O Ministério Público do Paraná (MP-PR) informou por meio de nota que vai recorrer da decisão da 5ª Vara de Fazenda Pública de Curitiba, que inocentou as autoridades envolvidas na contenção de protesto ocorrido em frente à Assembleia Legislativa do Paraná (Alep), em 29 de abril de 2015.

O MP afirmou que está “convicto da sólida sustentação jurídica do pleito apresentado ao Judiciário paranaense”.

Em decisão publicada na terça-feira (15), a juíza inocentou o governador Beto Richa (PSDB) e o ex-secretário de Segurança Pública Fernando Francischini (hoje deputado federal pelo SD).
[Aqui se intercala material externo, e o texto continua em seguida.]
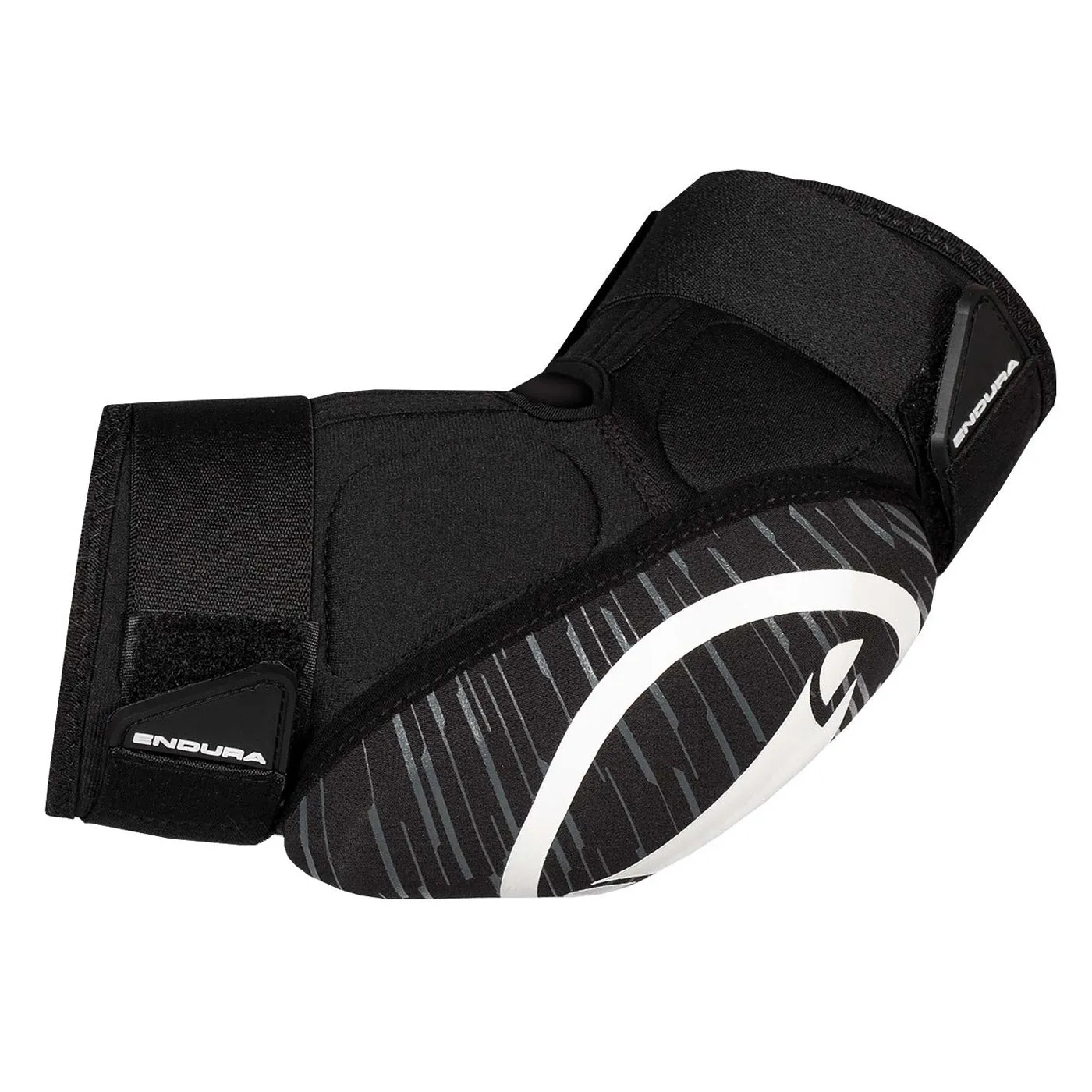 Endura Singletrack Protector 2 elbow pad - Black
Na ocasião, cerca de 200 pessoas ficaram feridas devido ao forte aparato utilizado pela Polícia Militar para conter a manifestação.

O 29 de abril

No dia da votação do projeto que reestruturava o Paranaprevidência, responsável pelo pagamentos das aposentadorias dos servidores do estado, 29 de abril, professores se reuniram em frente à Assembleia Legislativa do Paraná (Alep) para se opor à aprovação.


O confronto começou quando os servidores, que pretendiam ir à Assembleia para acompanhar a votação, foram barrados por um cordão formado pelos agentes da Polícia Militar (PM). Segundo levantamento da Prefeitura de Curitiba na época, mais de 200 pessoas ficaram feridas.

Os policiais usaram bombas e dispararam tiros de balas de borracha. A Secretaria de Segurança Pública informou, na ocasião, que 20 policiais também ficaram machucados. A sessão acabou sendo adiada para o dia seguinte, quando os deputados aprovaram o projeto em segundo turno e em redação final.

No dia 29 de maio, um mês após o confronto, o Ministério Público de Contas divulgaria um levantamento que indicava que os gastos com a ação da polícia passaram de R$ 1 milhão. Os números estavam em documento oficial da Polícia Militar do Paraná (PM).

Confira a nota na íntegra: 

A respeito do não recebimento, pela 5ª Vara da Fazenda Pública de Curitiba, da Ação Civil Pública movida pelo Ministério Público do Paraná sobre excessos na contenção de protesto ocorrido em 29 de abril de 2015, em frente à Assembleia Legislativa do Paraná, o MPPR informa que, embora não tenha sido notificado oficialmente da decisão, vai recorrer por estar convicto da sólida sustentação jurídica do pleito apresentado ao Judiciário paranaense. Na ação, são requeridos por atos de improbidade administrativa o governador do Estado, o então secretário de Segurança Pública e integrantes da cúpula da Polícia Militar do Paraná.